### Assigned task
With the pictures left out, copy the records below exactly from the first line down to the line holding "Amy Schumer makes", and include that line.

### Records shown

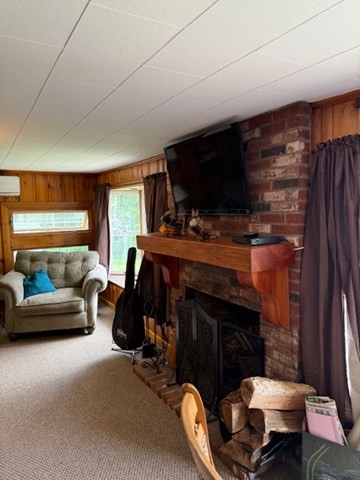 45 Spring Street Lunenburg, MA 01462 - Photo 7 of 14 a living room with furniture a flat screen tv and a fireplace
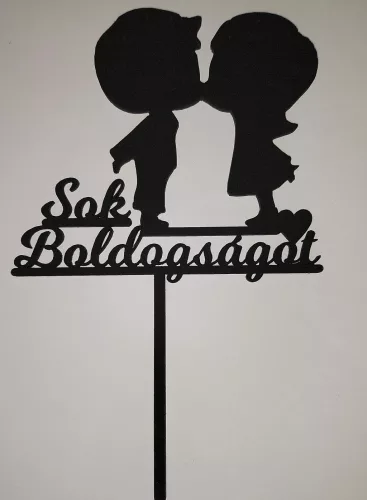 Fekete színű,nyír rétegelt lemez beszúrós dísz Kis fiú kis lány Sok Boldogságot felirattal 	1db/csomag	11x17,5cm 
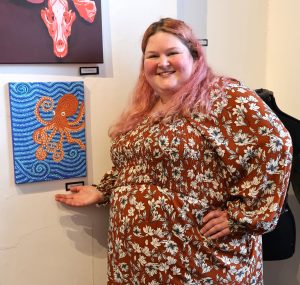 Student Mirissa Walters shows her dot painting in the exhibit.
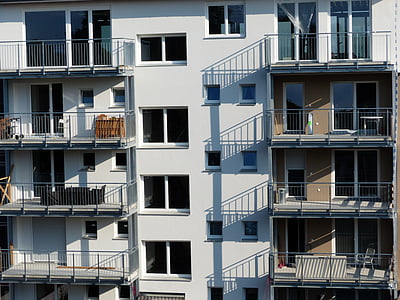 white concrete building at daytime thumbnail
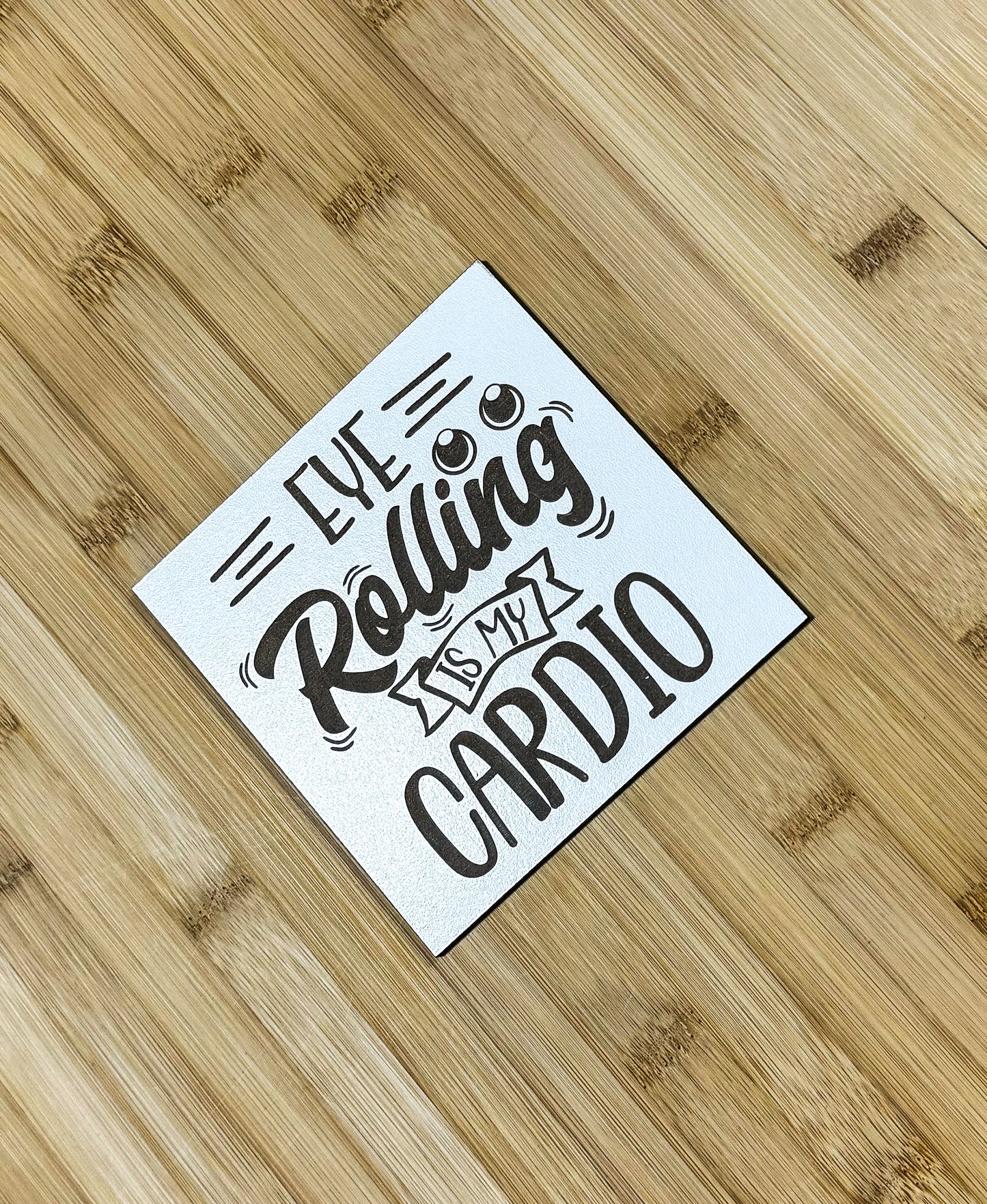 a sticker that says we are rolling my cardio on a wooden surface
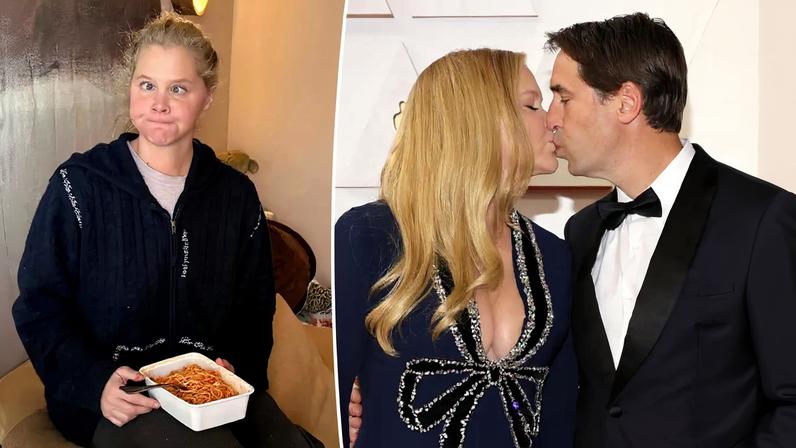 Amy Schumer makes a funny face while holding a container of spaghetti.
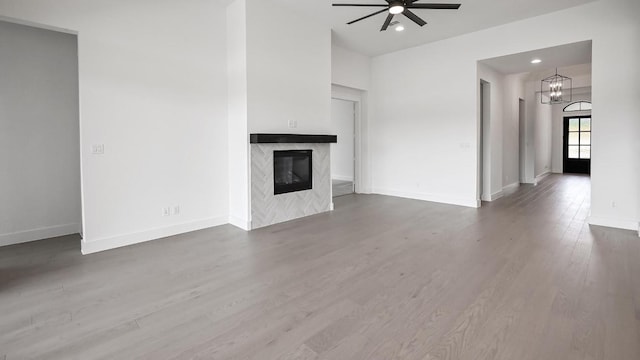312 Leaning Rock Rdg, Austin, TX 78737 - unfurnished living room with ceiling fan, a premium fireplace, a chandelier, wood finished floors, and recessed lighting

### Response
 45 Spring Street Lunenburg, MA 01462 - Photo 7 of 14 a living room with furniture a flat screen tv and a fireplace
 Fekete színű,nyír rétegelt lemez beszúrós dísz Kis fiú kis lány Sok Boldogságot felirattal 	1db/csomag	11x17,5cm 
 Student Mirissa Walters shows her dot painting in the exhibit.
 white concrete building at daytime thumbnail
 a sticker that says we are rolling my cardio on a wooden surface
 Amy Schumer makes a funny face while holding a container of spaghetti.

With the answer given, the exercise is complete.